= Bartolo Mascarello =

Bartolo Mascarello (1927 – March 12, 2005) was an Italian winemaker most known for producing Barolo wine. Bartolo joined the family firm, Cantina Mascarello, in 1945 and learned winemaking from his father, Giulio, who in turn had been trained by his father, Bartolomeo. Mascarello spent most of his life tending four small vineyards in prime locations: Cannubi, San Lorenzo, Rué in Barolo, and Rocche in La Morra. He favoured the old-school practice of blending from those four plots, instead of single-vineyard bottlings.

A teenage partisan during WWII, he was dubbed, together with fellow producers Teobaldo Cappellano and Giuseppe Rinaldi, ‘the Last of the Mohicans’ for his dogged refusal to let traditions die. For years, Mascarello's unyielding stance branded him as a has-been among some of his peers and Italian wine critics. In the late 1980s and early 1990s international and Italian critics launched an assault on traditional Barolos in favor of dark wines with coffee and vanilla sensations derived from aging in new barriques. Mascarello became the denomination's guardian of traditional Barolo, as he clung tenaciously to the methods taught to him by his forebears.

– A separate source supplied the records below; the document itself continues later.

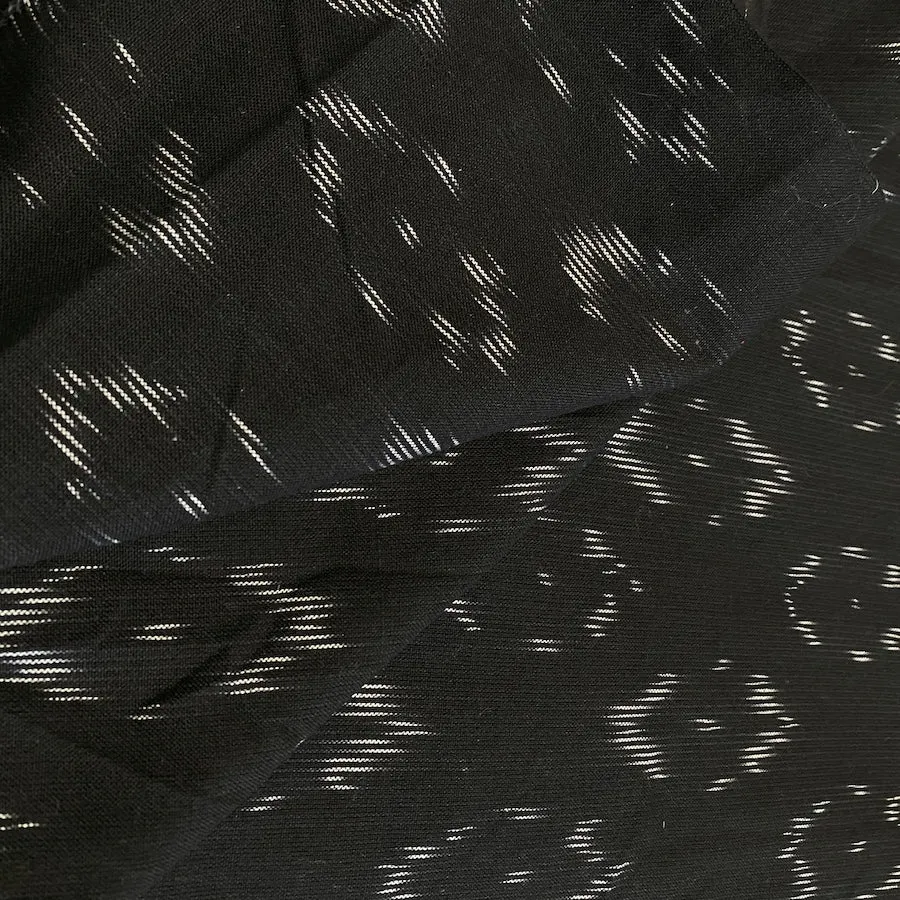 Black/White Pawprint Ikat, Cotton Handloom from India, By the Yard  #TK-35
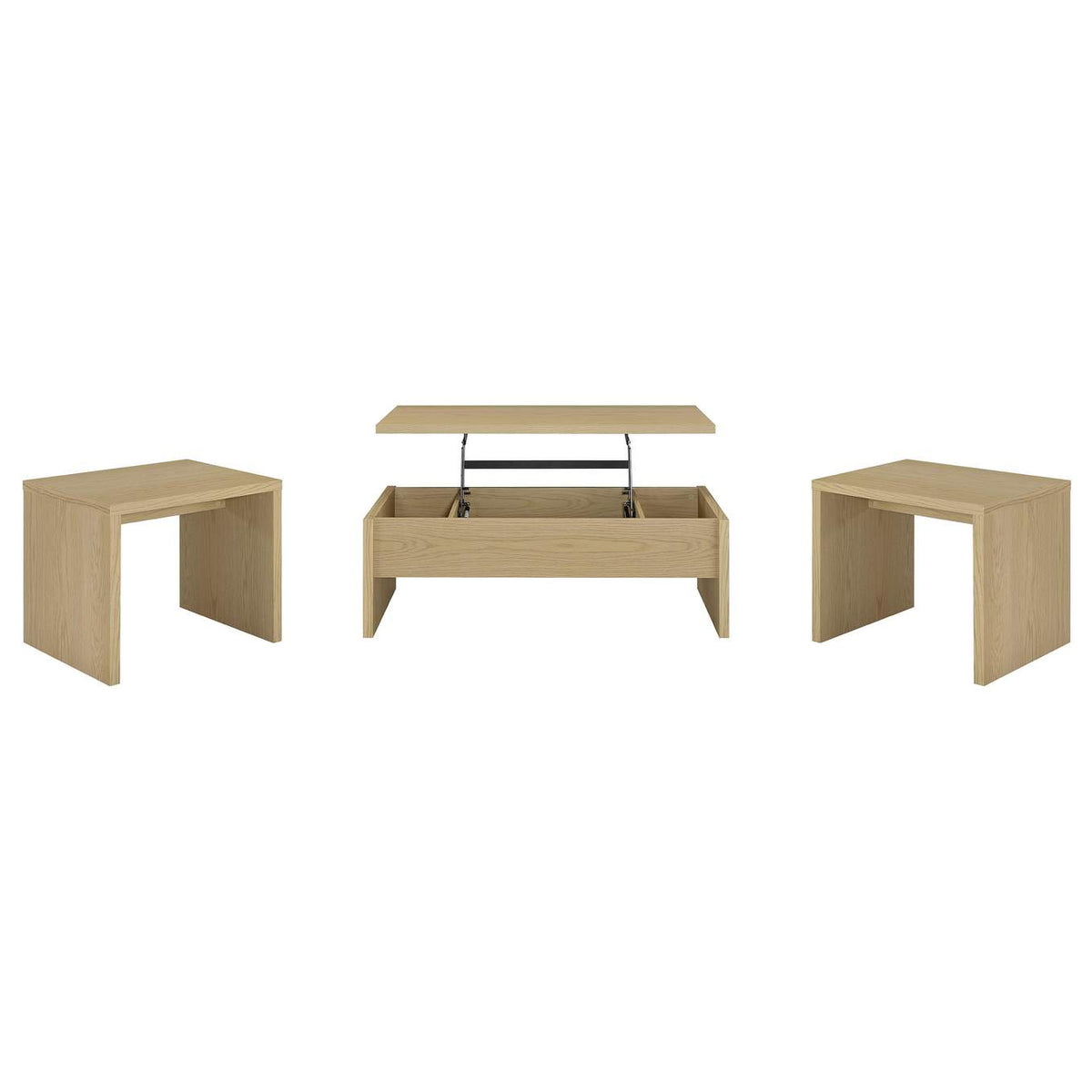706348-S3 Canoga 3-piece Lift Top Cocktail Coffee Table Set Light Oak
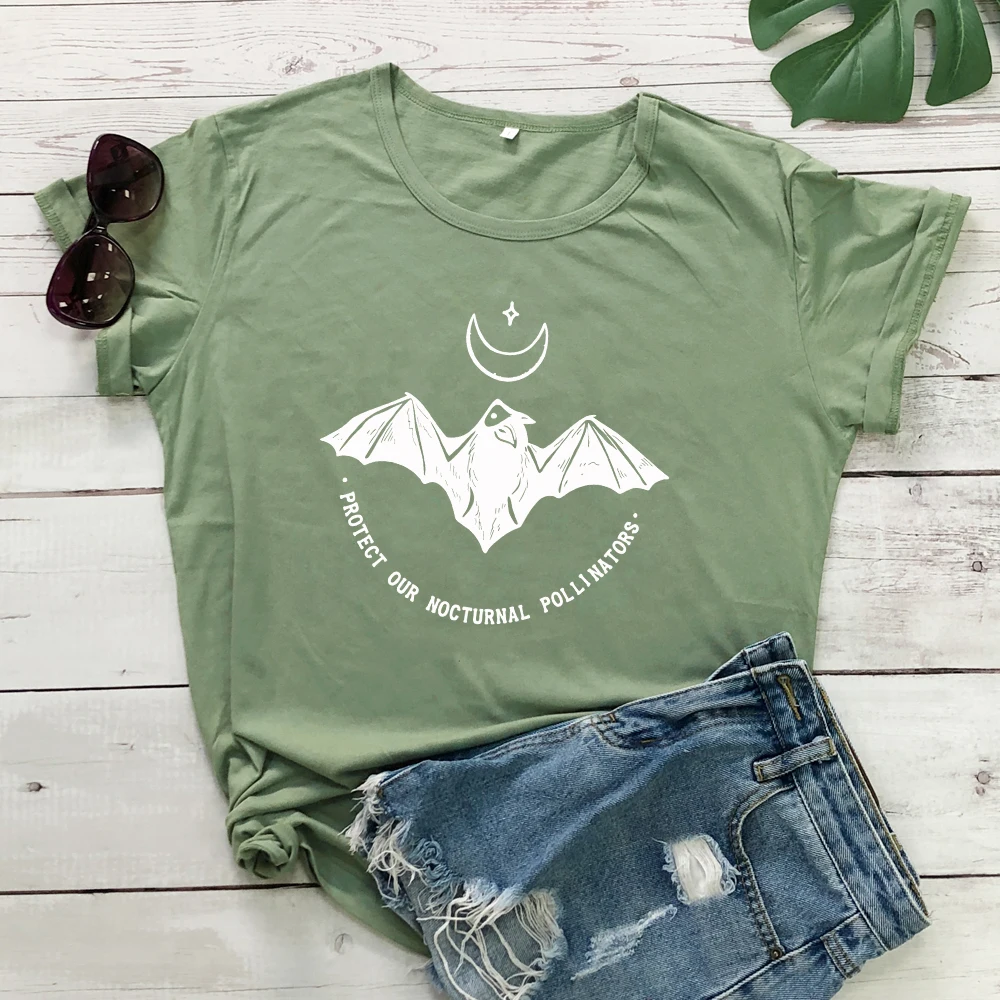 olive-white text Защитите наш ночной поллинатор Футболка стильная Звезда Луна с принтом летучей мыши веганская футболка Новая Летняя женская футболка с графикой Harajuku - Цвет: olive-white text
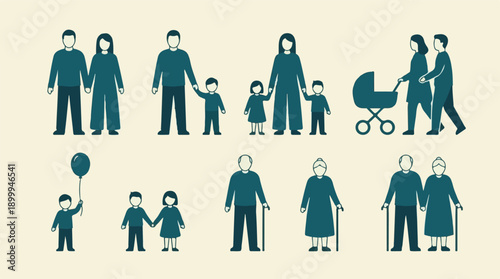 Vector illustration of family generations and life stages flat icons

The producer – who deplored the shift from large Slavonian casks to small French oak barriques – even created a special hand-painted "No Barrique, No Berlusconi" label. He explained: "No Barrique, because I am against the use of barriques in Barolo – I am a traditional producer. No Berlusconi because I don't like his type of politics." The original hand-painted labels are now a much sought-after collector's item.

Mascarello, who had a loyal core of customers from around the world throughout his career, also started to receive critical acclaim. The Italian wine world was shocked and thrilled when his wine received recognition in 2002 by the leading Italian wine guide, reversing years of criticism.

Ironic and witty, he declared shortly before his death: "As the time came to change oak casks I made sure that every corner of the cellar was filled, so that when I die there would be no room for barriques". After his death his daughter Maria Teresa took over running of the winery, following her father's traditional methods. She eschews marketing or promotion and does not have a website.